# Red "X" in corner of blank images



## DCM1519 (Mar 8, 2005)

For the last year or so, I have been seeing a red "X" in corner of blank images. By clicking "properties", it says that they are http files. 

How do I find something that will open these when they appear?

Thanks


----------



## daniel_b2380 (Jan 31, 2003)

Google is your friend

http://www.google.com/search?hl=en&q="red+X+-+no+picture"

http://www.hpdretired.com/screenprint.cfm?newsletterid=3824

Houston Police Retired Officers Association
Getting Rid of the RED X

June 22, 2007
Computer Tip

Q:
All I'm ever able to see is that red X. It's in my e-mail, in my Web browser, it's everywhere. Why can't I see any pictures? Please help me!

A: 
Alright, now I know we've run this tip before, but in the last couple of weeks, I have been getting an umpteen amount of e-mails and phone calls about this very thing. And after thinking about it for awhile, I've come to the realization that a lot of you are still having trouble with the dreaded red X. So, I knew it would be best if I put this tip in the newsletter again. Here you go!

One of the main areas that people see the red X is in their e-mail. If you use Outlook Express and are having trouble seeing pictures in your e-mails, open it up and go to Tools, Options and choose the Security tab. Make sure the "Block images and other external content in HTML e-mail" box is unchecked. Now, if you are sending an e-mail and people have been complaining to you about the pictures not showing up, try this: open up OE and go to Tools, Options, Send tab. Under the "Mail Sending Format," make sure HTML is selected and then click on the HTML Settings button. In there, make sure the "Send pictures with messages" box is checked. That should solve your e-mail issues.

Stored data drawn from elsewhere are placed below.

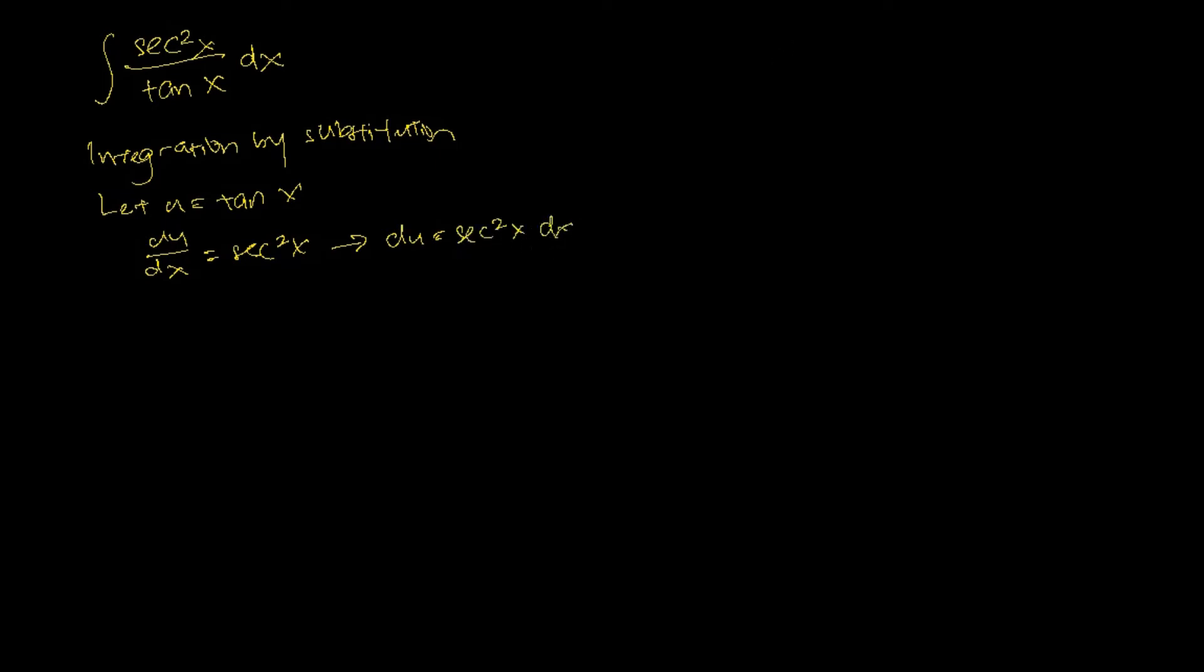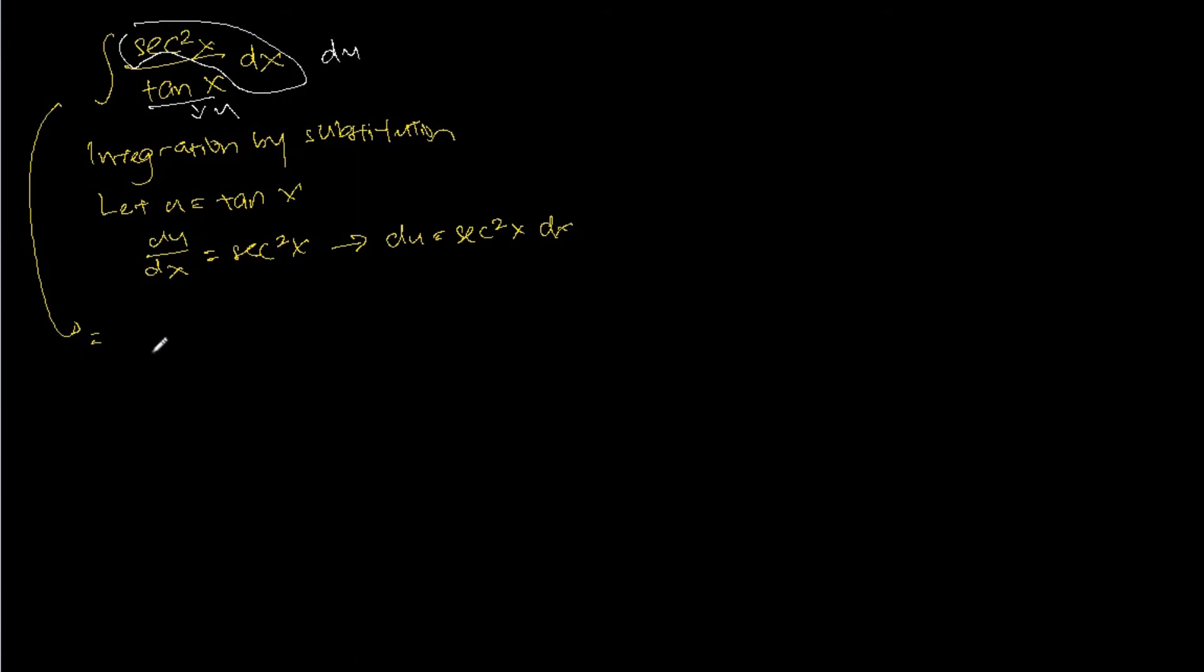Back to the question, the sec square x dx after changing of variables will be du. Tangent x would just be u. So this whole question can be rewritten as the integral of du over u.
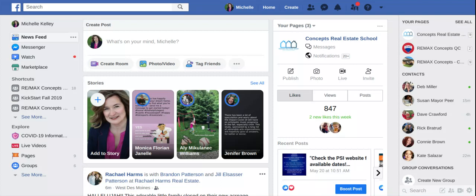Hi everyone, it's Michelle here. Just wanted to do a quick video on how to create a friend list in Facebook.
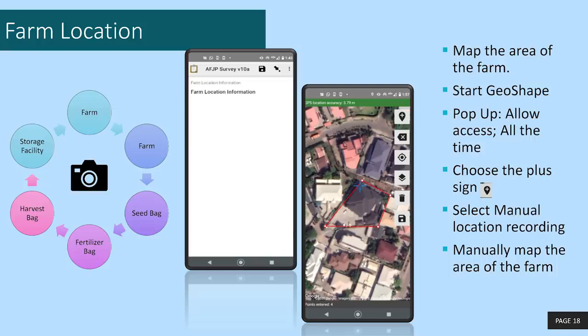If you do not capture within these margins, your data submission may be rejected and you will not be paid. It is important to note that we will be verifying this data and confirming the farm areas with the farmers subsequently, so please take a lot of care to do this accurately. If you require more information, kindly contact our training support team at the email address provided at the end of this training.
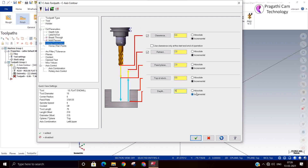Now depth is minus 5 mm. Here you need to keep everything in incremental. If you keep it in absolute then you need to calculate the diameter and then give the depth, which is a little difficult. It's better if you keep the depth in incremental and the software will automatically calculate the winding diameter and depth.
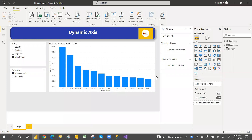Hey, hi guys, welcome to PCF. In this video I'm going to explain what field parameters are and how to use field parameters to dynamically change the x-axis and y-axis.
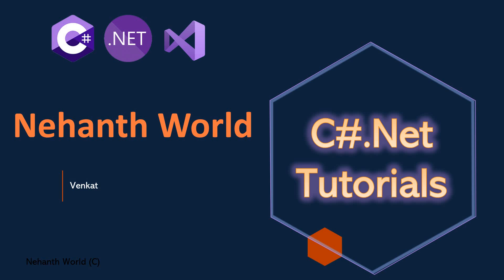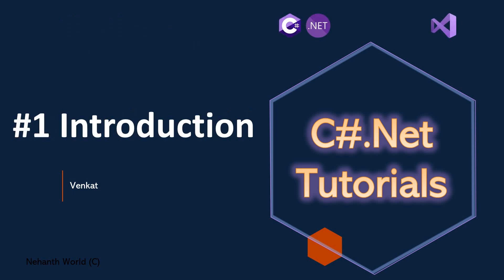Welcome to C-Sharp.NET Tutorials. I am Venkat. With this video we are starting the C-Sharp.NET Tutorials and this is Part 1 Introduction.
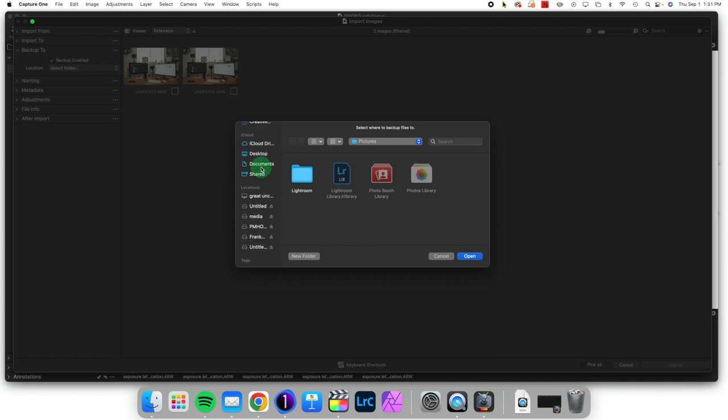Please note that the place where you put your backup image does not need to be your computer itself. It can be an external drive, and it does not have to be the same external drive as where you keep your catalog or the images you regularly access. In fact, if you're doing a backup, it probably shouldn't be.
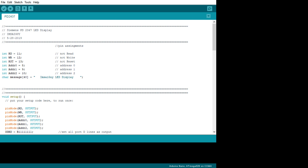I couldn't leave my project with such a lousy program, so I've put in a kind of a Times Square rotating display. What I've added is a string — that's the display message.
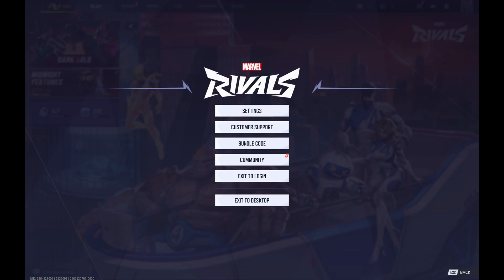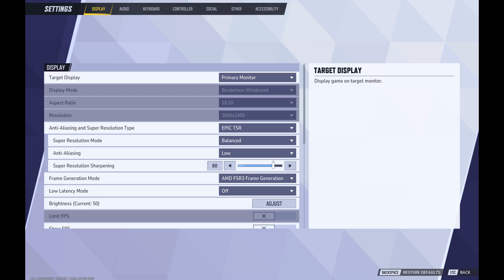A menu opens. Step 2: Click Settings again. The Settings screen is displayed. Step 3: Click Social in the menu at the top of this screen.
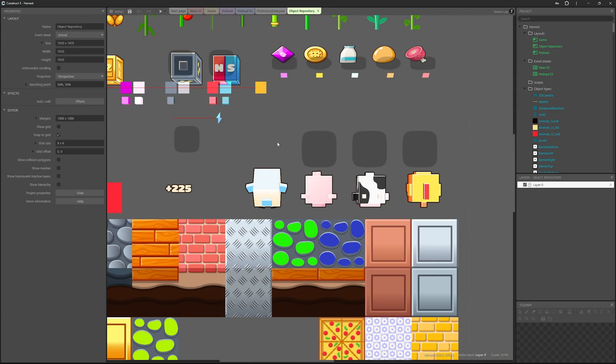There we have it guys — we've modeled and exported our models from Blockbench and imported them into Construct 3. Or if you use another game engine, hopefully you've figured out how to do it in that engine. That's it for this episode. If you want anything more in depth or want me to take this further, let me know. I'm trying to find other things to do in Construct as well. Take care and I'll see you later.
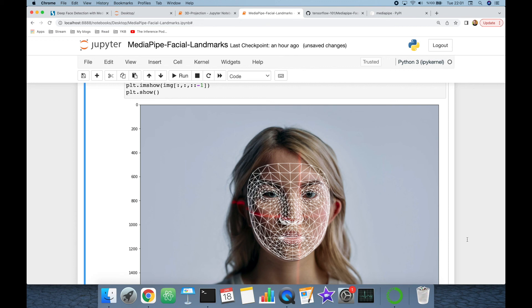So we have covered facial landmark detection with MediaPipe in both two-dimensional and three-dimensional space. If you enjoyed the video please like it and do not forget to subscribe to the channel. Please also make comments — thank you all for watching and see you next time.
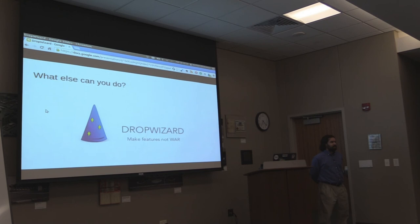Thanks for letting me share DropWizard with you all. I hope that was somewhat informative. And I think now we do our IntelliJ raffle.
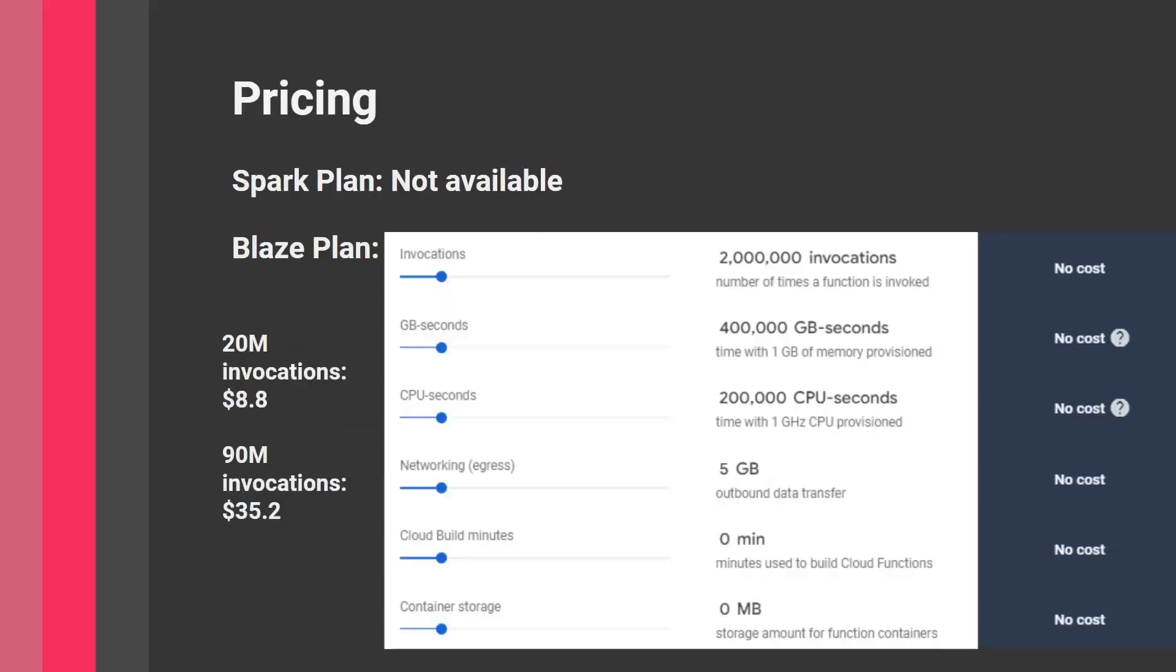Let's talk about pricing. Every developer should evaluate whether this is worth it. Unfortunately, in the Firebase Spark plan, it's not available. If you have a free Firebase account with no credit card, you can't use Cloud Functions. But don't be disappointed—you can use it for free within the Blaze plan.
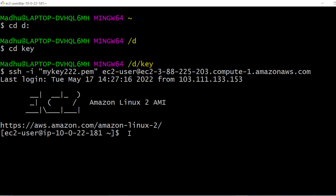As you can see here, it is connected to your Amazon Linux AMI, which means it is connected to your EC2 instance. Now you can work with it here — whatever computation tasks you want to do with your instance, you can do them here.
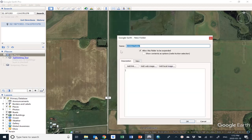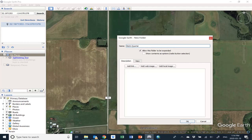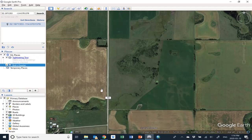Click on that and this gives you a chance to name the folder something that will mean something to you. Let's go with Bob's Quarter. Once you're happy, just click OK or push Enter, and now you'll see under My Places is a folder called Bob's Quarter.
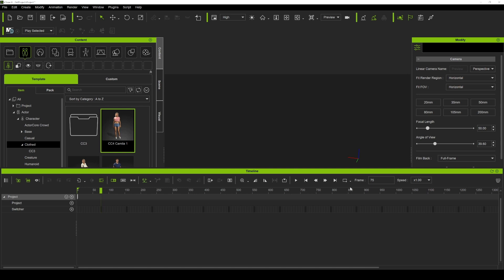Hey, what's going on y'all? In this video we're going to be taking a look at the new iClone 8 software. I've been using iClone 7 for animations whenever I create short films and things like that, so when iClone 8 came out I wanted to check it out just to see if I could find some quality of life upgrades and improvements — and honestly it didn't take long.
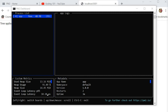That's it for today's tutorial on PM2. We've explored what PM2 is, how to install it, and how to use it to manage your Node.js applications. With PM2 you can easily manage and scale your applications, making it the perfect tool for any Node.js developer. If you have any questions, feel free to leave them in the comments below. Thank you so much for watching — I will see you in the next video.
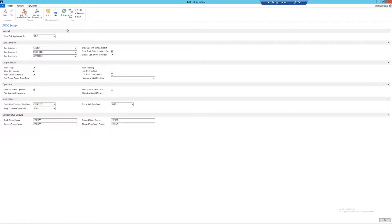Finally, I will select the calculate quantity available to start action from the ribbon. This will allow me to start using the SFDC output screens.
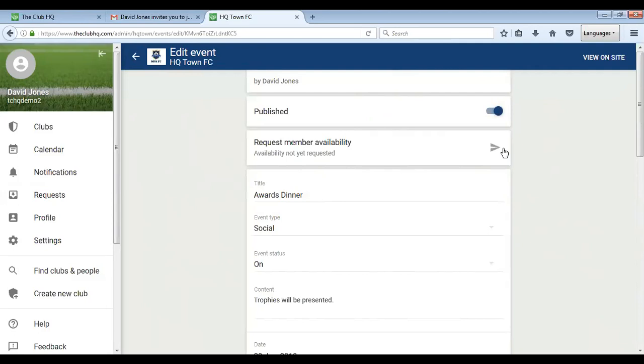The same goes for fixtures and so on. That's how you gain people's availability. It's as simple as that. Now you've seen how to connect your members that you've created on the website with your real-life members at the club.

Now, if you are having trouble seeing images in Internet Explorer, go to Tools, Internet Options and click on the Advanced tab. Look for the Multimedia section and make sure the box that says "Show Pictures" is checked. For Firefox, go to Tools, Options and click on the Content icon. Make sure the "Load images automatically" box is checked as well.

Another cause may be that your browser security settings are set too high, which prevents you from accessing the Web site that handles the images. To fix this In IE, go to Tools, Internet Options, choose the Security tab and click on the Default Level button. Make sure your settings are somewhere around the medium level.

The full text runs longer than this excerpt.